Reset recommendations only appear when the now-disabled field still holds a non-empty value. isEmpty therefore affects both rule evaluation and cleanup behavior.

const fouls = ump.play(
{ values: { weekdays: [1, 3, 5] } },
{ values: { weekdays: [1, 3, 5], dates: ['2026-04-01'] } },
)

If weekdays used isEmpty: (value) => !Array.isArray(value) || value.length === 0, then clearing it to [] is enough for the recommendation to disappear on the next pass.

Satisfaction answers “does this field have a value?” A related but separate question is: “is that value still the right selection given what else is in the form?”

A DDR4 RAM kit is a satisfied field — it has a value, it’s non-empty. But if the user just switched their motherboard to one that only supports DDR5, the RAM value is no longer appropriate. The field is still enabled, satisfaction hasn’t changed. What changed is the relationship between that value and the rest of the form.

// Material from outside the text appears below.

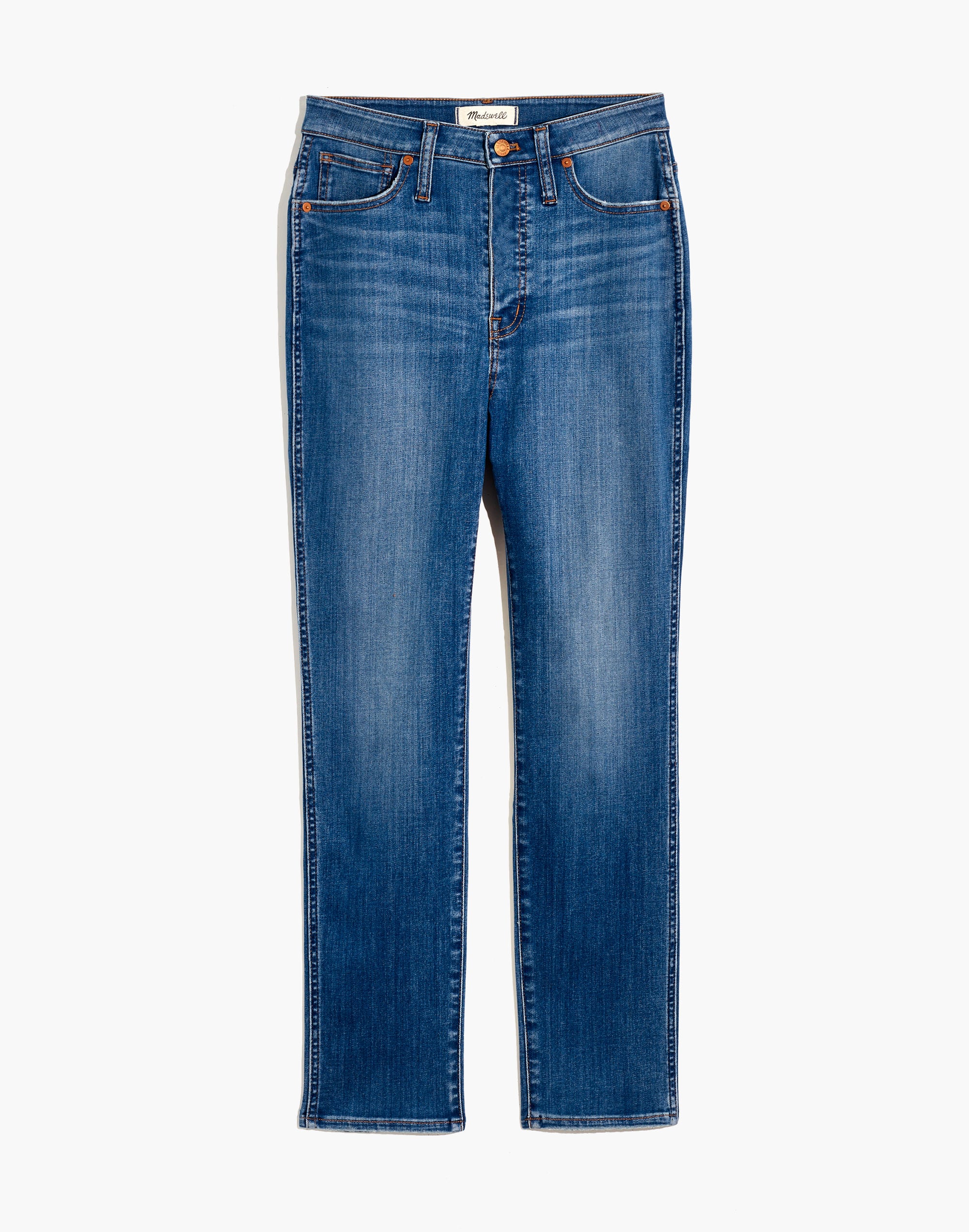 Petite Curvy Stovepipe Jeans in Leman Wash: TENCEL&trade; Denim Edition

fairWhen is the rule for declaring appropriateness:

fairWhen(ramField, (ram, values) =>
ramTypeFor(ram) === ramTypeFor(values.motherboard ?? ''), {
reason: 'RAM type no longer matches the selected motherboard',
})

The three levels, in order:

LevelQuestionGoverned by
Presentvalue != null?—
SatisfiedIs it a meaningful value?isEmpty, isSatisfied
AppropriateIs it still the right selection?fairWhen

fairWhen only evaluates when the field is already satisfied. There is no notion of appropriateness for an empty field. check() reports fair: true whenever the field has no value.

play() surfaces an inappropriate value as a foul — same format as an availability foul, same convergence property.

See fairWhen() for the full rule reference.

If you need “present and valid”, compose those ideas explicitly.

import { check, enabledWhen, requires, umpire } from '@umpire/core'
const loginUmp = umpire({
fields: {
email: { required: true, isEmpty: (value) => !value },
password: { required: true, isEmpty: (value) => !value },
submit: { required: true },
},
rules: [
requires('submit', 'password'),
enabledWhen('submit', check('email', /^[^\s@]+@[^\s@]+\.[^\s@]+$/), {
reason: 'Enter a valid email address',
}),
],
})

requires() handles presence. check() bridges into richer validation logic when you need it.

For full validation composition — building dynamic Zod schemas from availability, filtering errors to enabled fields, gating submit on both layers — see the Signup Form + Zod example and @umpire/zod adapter.